I won't explain too much because my job is pretty niche and I don't want to get doxxed, but I've been promoted to "manager" recently. It's not the kind of manager you're probably thinking of like you'd see at fast food or retail places, I don't determine anyone's hours or pay or anything like that, but I am in charge of assigning work to the people under me and training new employees. The problem is I have to balance the work I do myself and the work I assign to other people. If I keep too much for myself then my bosses wonder why they keep the others around and they fire the peons and I get stuck with all the work. If I assign too much to the people below me then they wonder why I'm even around and I get put at risk of being fired. Obviously I want to keep my job because I have bills and shit but I also don't want to be the person who sits around all day and bosses the people who actually do the work around. I'm kind of just looking for advice.

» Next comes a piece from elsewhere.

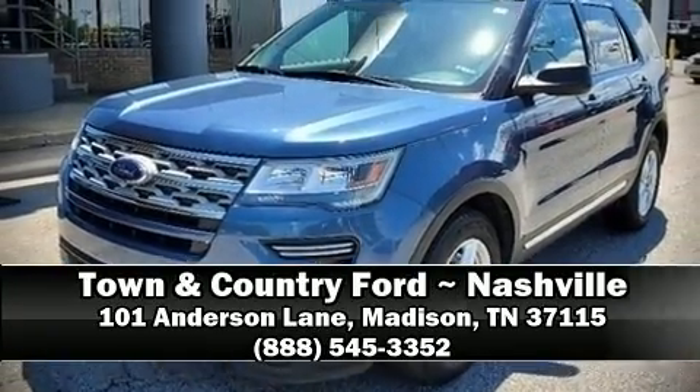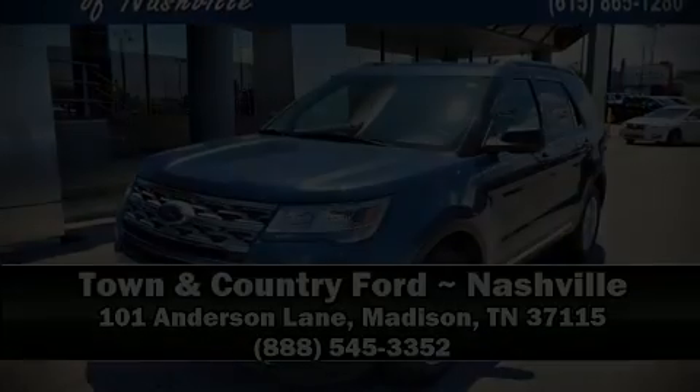Stop by our dealership or give us a call for more information.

  • AHopeOnceMore [he/him]B
    ·
    1 year ago

    You wear two hats. One hat is team-facing, the other is management-facing. To the team, you are the team lead and keep things running smoothly. The team doesn't hear management's stupid ideas or pressures unless they are a risk to folks' jobs or the projects overall. When facing management, it's 100% about bullshitting on performance and making sure those people feel good and are happy when you're talking to them. Underpromisr. Overdeliver. Hype up your team's work. You can balance the you vs. your team impression purely in terms of impressions and how you sell work that is already done.

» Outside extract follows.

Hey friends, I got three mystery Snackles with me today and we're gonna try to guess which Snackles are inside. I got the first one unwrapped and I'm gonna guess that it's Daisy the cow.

    In terms of balance between you and your team, this depends a lot on how brainwormed the rest of management is. Some places have a somewhat healthy mindset that if you're doing your job, your team is doing 90%+ of the direct work on deliverables. Other places promote narcissism among management by creating an environment where you only succeed if you can personally take credit. Your only way to sus this out is to talk to other people in management all the time and make "work buddies" with people that will feed you information. Go to the stupid management party at the bar or whatever. Have people over for dinner. It's terrible, but this strategy is basically just dealing with the reality of work being a petty fiefdom and you've gotta manage your place in court undet the feudal lord. The reality of leading a team well and what you present to management are two separate worlds with a bridge between them. When in doubt, assume that you need to do self-promotion, including promoting your team. Literally say, "[X important thing] wouldn't have been possible if X, Y, Z people didn't jump on it like they did. Our team really kerps this place productive. Look at how we made line go up." If you tell people what to think, they will often believe you.

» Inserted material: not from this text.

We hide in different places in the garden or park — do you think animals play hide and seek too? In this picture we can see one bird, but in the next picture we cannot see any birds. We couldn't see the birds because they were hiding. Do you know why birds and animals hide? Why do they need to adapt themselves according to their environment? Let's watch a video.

    In terms of being cool and not just being a tool for capital, the best thing you can do is lobby for more funding + pay + better working conditions for your group (call it "being competitive" and "retaining talent", which only works if your team is perceived as generating value). The next best thing you can do is shield them from layoffs by lobbying for your team being essential and by giving your team early info so they can start looking for other jobs (this will backfire if someone rats you out btw).

    • MolotovHalfEmpty [he/him]
      ·
      1 year ago

      This is all really good practical advise right here. I don't generally lead teams as I'm usually hired as a consultant / niche expert, but I work with a lot of teams and the better ones use a lot of this. The terrible ones, the opposite.